PARF cuts may have spooked luxury car buyers, dragging down high-end COE premiums: Analysts


SINGAPORE: Certificate of Entitlement (COE) prices on Friday (Feb 20) were largely unmoved by the sweeping cuts to car scrapping rebates announced in Budget 2026, with one notable exception – luxury car buyers.

Mr Ng Lee Kwang, director at Octagon Motors Group, said he heard that some buyers had already cancelled orders ahead of the exercise. “Especially those who are buying (BMW) 7 series, (Toyota) Vellfires,” he said.

For most other buyers, however, it was simply too late to react.

Many buyers would have already committed to orders and paid deposits before Prime Minister Lawrence Wong announced the changes during his Budget 2026 speech on Feb 12, leaving little room to walk away.

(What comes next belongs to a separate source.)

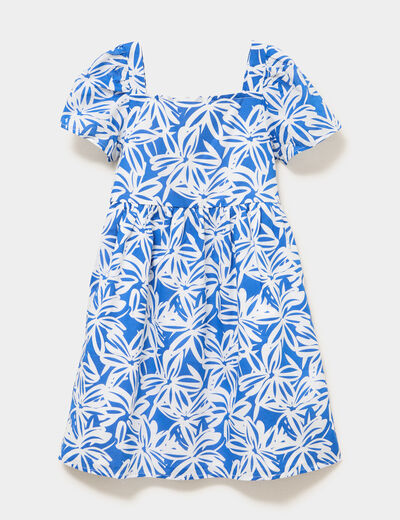 Robe &eacute;vas&eacute;e manches courtes coton ecru fille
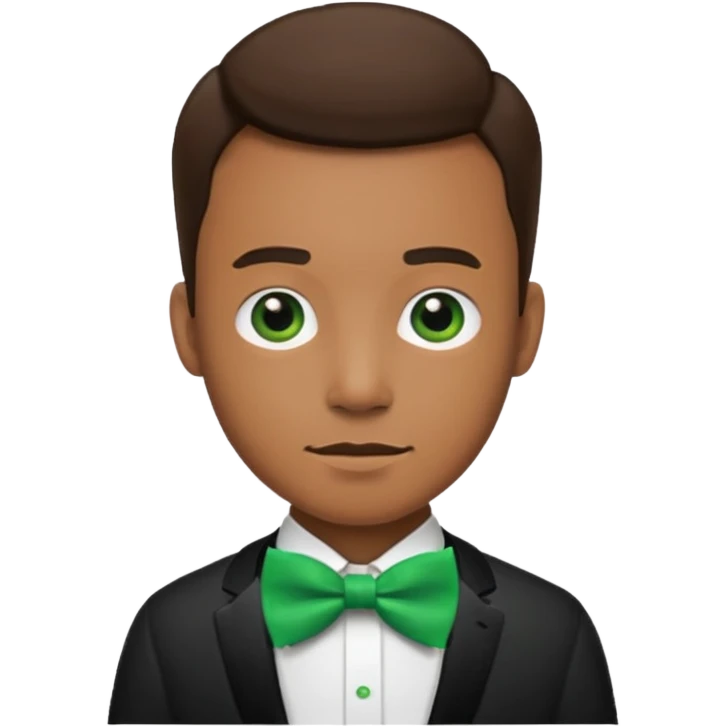 a man wearing a green bow tie emoji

The standard practice in Singapore is for buyers to sign a sales contract with a substantial deposit before a dealer bids for COEs over the next few auctions. Most of those contracts were already in place before the Budget announcement

“Forfeiting a deposit may not make financial sense,” said Mr Jake Ler, chief marketing officer at Motorist Singapore.

The timing was compounded by the Chinese New Year holiday, noted Mr Ng Lee Kwang, director at Octagon Motors Group. Some dealers had already closed for the festive break and had yet to reopen when the COE bidding exercise ended.

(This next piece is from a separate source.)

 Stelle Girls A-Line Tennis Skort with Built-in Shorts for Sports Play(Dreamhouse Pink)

Under changes to the Preferential Additional Registration Fee (PARF) scheme, rebates for scrapping a car before its 10-year COE expires will be reduced by 45 percentage points and capped at S$30,000 (US$24,000). 

Previously, car owners who deregistered their vehicles before the 10-year COE expired could receive rebates of between 50 and 75 per cent of the Additional Registration Fee (ARF) paid, capped at S$60,000.

“We will only see the effects of the PARF change in the next few auctions as buyers and dealers have a chance to respond,” said Associate Professor Walter Theseira of the Singapore University of Social Sciences’ business school.